Pour beaucoup, Noël n’est aujourd’hui plus qu’un mythe. Je m’en
contenterais si, chacun se sentait interpellé ; qu’as-tu fait de ton frère ?
Que fais-tu de ton frère ? Si plus personne ne croit en Dieu, mais que chacun
se préoccupe de son frère, cela m’est égal, parce qu’alors Dieu sera tout en
tous, et c’est cela que nous attendons, c’est cela que nous croyons.
Cela m’est égal si plus personne n’a la foi à condition que chacun soit
accueilli comme un frère, parce que ce que nous célébrons à Noël aura été
compris, non comme une leçon, fût-elle de catéchisme, mais comme une manière de
vivre. Nous ne fêtons Noël pour de vrai, sans hypocrisie, que si avec nos
réjouissances et nos chants de fête, avec nos célébrations et les vœux que nous
échangeons, nous accueillons tout homme comme un frère. « Le prophète
aujourd’hui, c’est celui qui rencontre les autres comme des frères. »

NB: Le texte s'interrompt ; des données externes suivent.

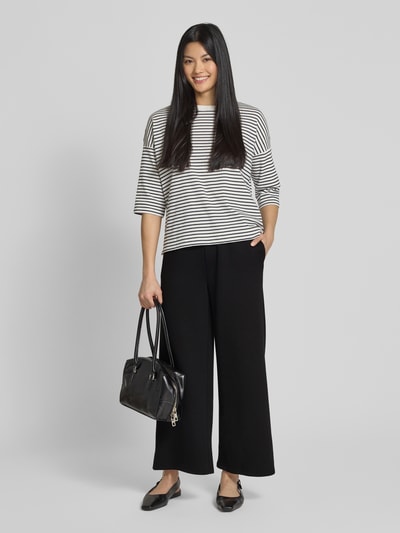 Vila Wide Leg Stoffhose mit Eingrifftaschen Modell 'SIFFI' Black 1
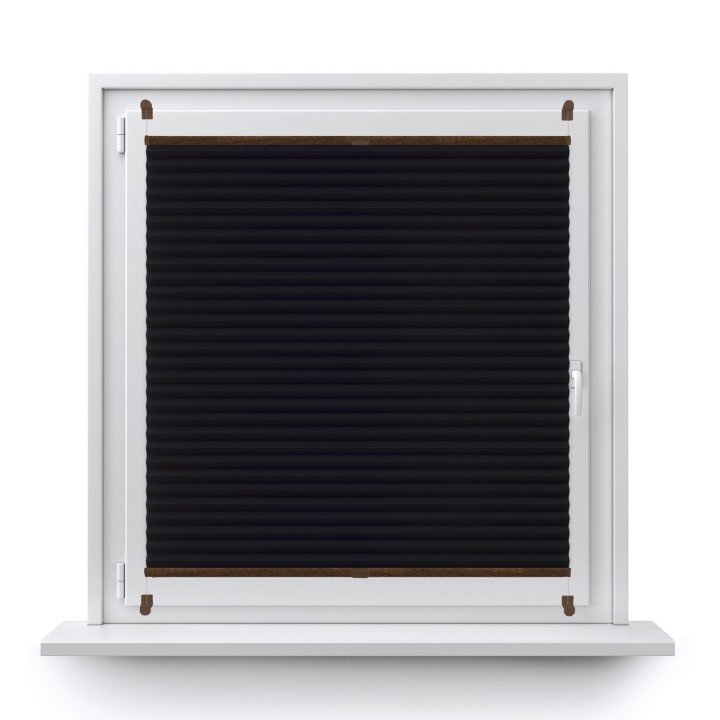 Plisa bezinwazyjna Basic Premium Przyciemniająca Czarna 113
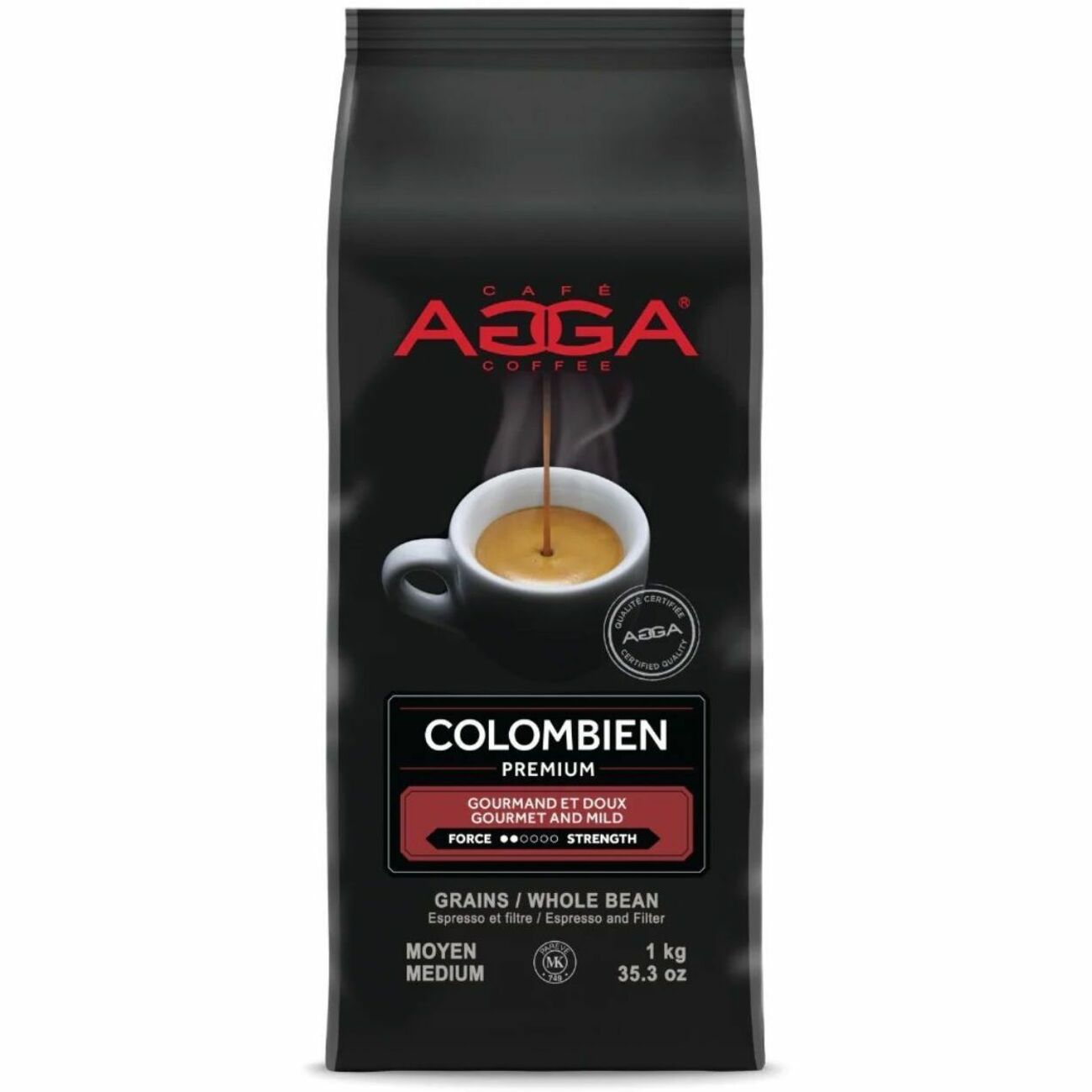 Agga Whole Bean Colombian Premium Coffee Beans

Fêter Noël, c’est accueillir tout homme comme un frère puisque
Jésus est le frère universel qui nous apprend à nous reconnaître frères et sœurs
d’un unique père, notre père. Il n’y a peut-être pas besoin de Jésus et de la
foi pour savoir que tout homme est un frère, mais enfin, reconnaissons que si
nous prenions notre foi et Jésus au sérieux, la société autour de nous et le
village planétaire n’auraient pas ce rictus de mépris. Tout homme est habité
par Dieu lui-même. C’est pourquoi à défendre chaque vie, nous nous inclinons
devant l’enfant de la crèche, nous vénérons l’humanité de notre Dieu. C’est
pourquoi à mépriser des vies, ne serait-ce qu’à détourner pudiquement les yeux,
nous sommes sacrilèges.
Avec Jésus, un homme parmi les hommes, Dieu renonce à tous les
attributs divins, la toute-puissance, la gloire, la grandeur, le culte. Ne croyez pas que Dieu se tait quand il se
dit par sa naissance : il a visage humain et l’humanité est divinisée,
et nous sommes enfants de Dieu. L’ardeur de notre prière, la profondeur de
notre union à la vie de Dieu c’est précisément notre attention aux frères.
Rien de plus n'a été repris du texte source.